9) À l'article 102, le paragraphe 2 est remplacé par le texte suivant:

« 2. Les remboursements prévus aux articles 36, 63 et 70 du règlement sont effectués, pour l'ensemble des institutions compétentes d'un État membre en faveur des institutions créancières d'un autre État membre, par l'intermédiaire des organismes désignés par les autorités compétentes des États membres. Les organismes par l'intermédiaire desquels les remboursements ont été effectués avisent la commission administrative des sommes remboursées dans les délais et selon les modalités fixés par cette commission »

10) À l'article 104, le paragraphe 2 est remplacé par le texte suivant:

« 2. Les dispositions analogues à celles qui sont visées au paragraphe 1 et qui s'appliqueront dans les relations entre deux ou plusieurs États membres après l'entrée en vigueur du règlement seront inscrites à l'annexe 5 du règlement d'application.
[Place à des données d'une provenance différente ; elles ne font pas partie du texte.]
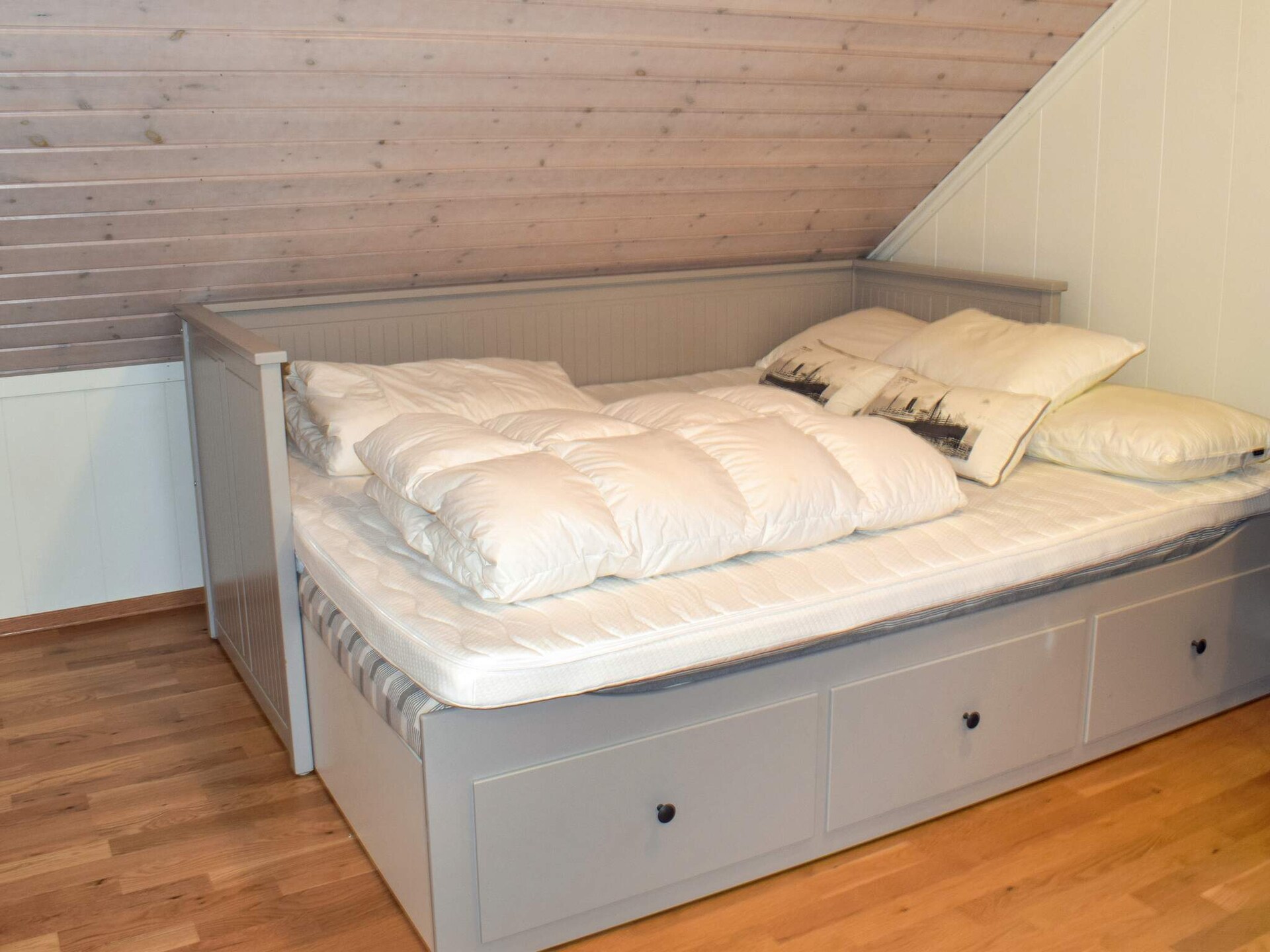 Modern vakantiehuis met privé-zwembad, sauna & zeezicht bij Engelsviken - foto 36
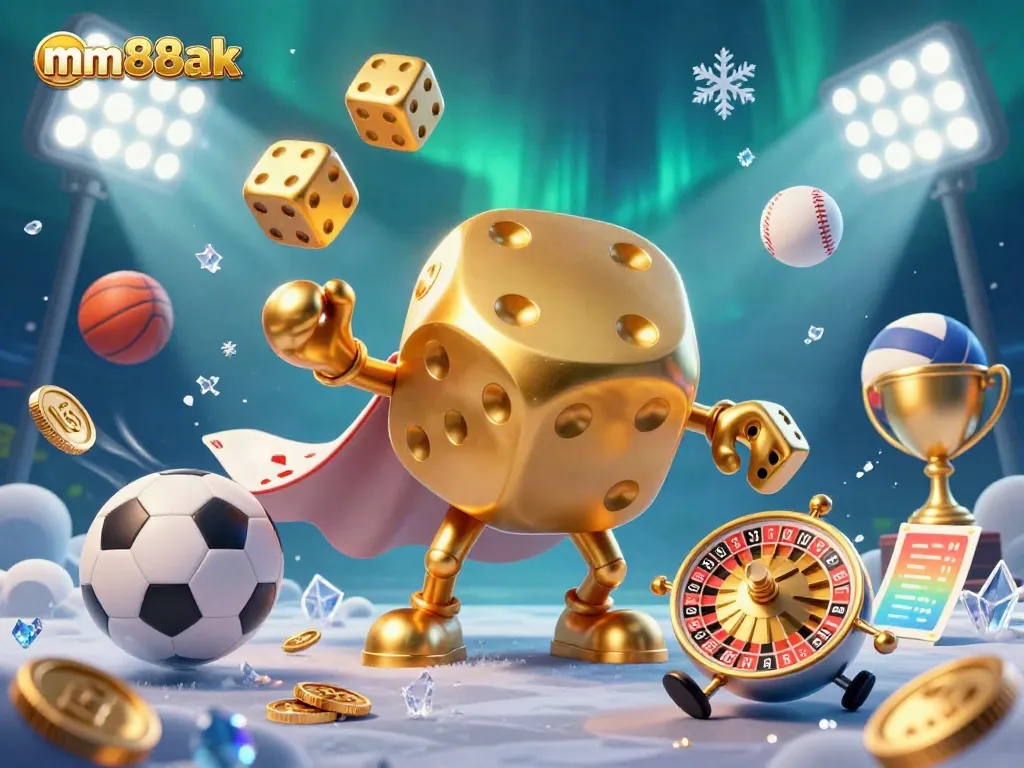 Experience gambling excitement with the engaging mm88ak dice golem and vibrant bet elements.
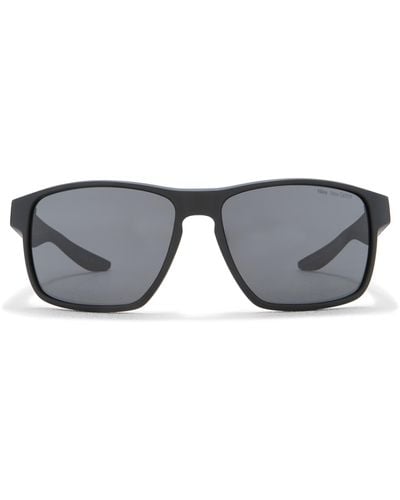 Nike Essential Venture 59mm Square Sunglasses - Gray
Il en est de même des dispositions qui seront convenues en vertu de l'article 97 paragraphe 2 du règlement d'application. »
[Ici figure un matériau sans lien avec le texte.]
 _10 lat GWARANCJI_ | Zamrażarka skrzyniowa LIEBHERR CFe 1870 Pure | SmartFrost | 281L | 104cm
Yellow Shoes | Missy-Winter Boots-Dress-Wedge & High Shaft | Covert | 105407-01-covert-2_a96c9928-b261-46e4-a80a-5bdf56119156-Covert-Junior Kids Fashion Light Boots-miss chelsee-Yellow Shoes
11) L'article 120 est supprimé.

12) À l'annexe 2, rubrique E. FRANCE:

a) le point 3 est supprimé;

b) le point 4 devient le point 3.

13) L'annexe 10 est modifiée comme suit:

a) à la rubrique A. BELGIQUE, le point 6 sous d) est supprimé;

b) à la rubrique B. DANEMARK, le point 6 sous a) est remplacé par le texte suivant:

« a) remboursements en vertu de l'article 36 et de l'article 63 du règlement: (inchangé) »;

c) à la rubrique C. ALLEMAGNE, le point 8 est remplacé par le texte suivant:

« 8. Pour l'application des articles 36 et 63 du règlement et de l'article 102 paragraphe 2 du règlement d'application: (inchangé) »;

d) à la rubrique E. FRANCE:

i) le point 8 est supprimé;

ii) les points 9 et 10 deviennent respectivement les points 8 et 9;

iii) le nouveau point 8 est remplacé par le texte suivant:

« 8. Pour l'application conjointe des articles 36 et 63 du règlement et de l'article 102 paragraphe 2 du règlement d'application: (inchangé) »;

e) à la rubrique G. IRLANDE, le point 3 sous b) est remplacé par le texte suivant:

« b) Pour l'application de l'article 70 du règlement et de l'article 102 paragraphe 2 du règlement d'application: (inchangé) »;

f) à la rubrique H. ITALIE:

i) le point 5 est supprimé;

ii) les points 6, 7 et 8 deviennent respectivement les points 5, 6 et 7;

iii) le nouveau point 6 sous c) est remplacé par le texte suivant:

« c) remboursements en vertu de l'article 70 du règlement: (inchangé) »;

g) à la rubrique I. LUXEMBOURG, le point 8 sous d) est supprimé; h) à la rubrique J. PAYS-BAS, le point 4) sous c) est supprimé.

Article 3

Le présent règlement entre en vigueur le jour de sa publication au Journal officiel des Communautés européennes.

Il est applicable à partir du 15 janvier 1986.

Toutefois, l'article 76 du règlement (CEE) no 1408/71 tel qu'il est modifié par l'article 1er point 1) du présent règlement n'est applicable qu'à partir du 1er mai 1990.

Le présent règlement est obligatoire dans tous ses éléments et directement applicable dans tout État membre.

Fait à Bruxelles, le 30 octobre 1989.

Par le Conseil

Le président

J.-P. SOISSON

(1) JO no C 292 du 16. 11. 1988, p. 7.

(2) JO no C 12 du 16. 1. 1989, p. 365.

(3) JO no C 23 du 30. 1. 1989, p. 49.

(4) JO no L 149 du 5. 7. 1971, p. 2.

(5) JO no L 224 du 2. 8. 1989, p. 1.

(6) JO no L 74 du 27. 3. 1972, p. 1.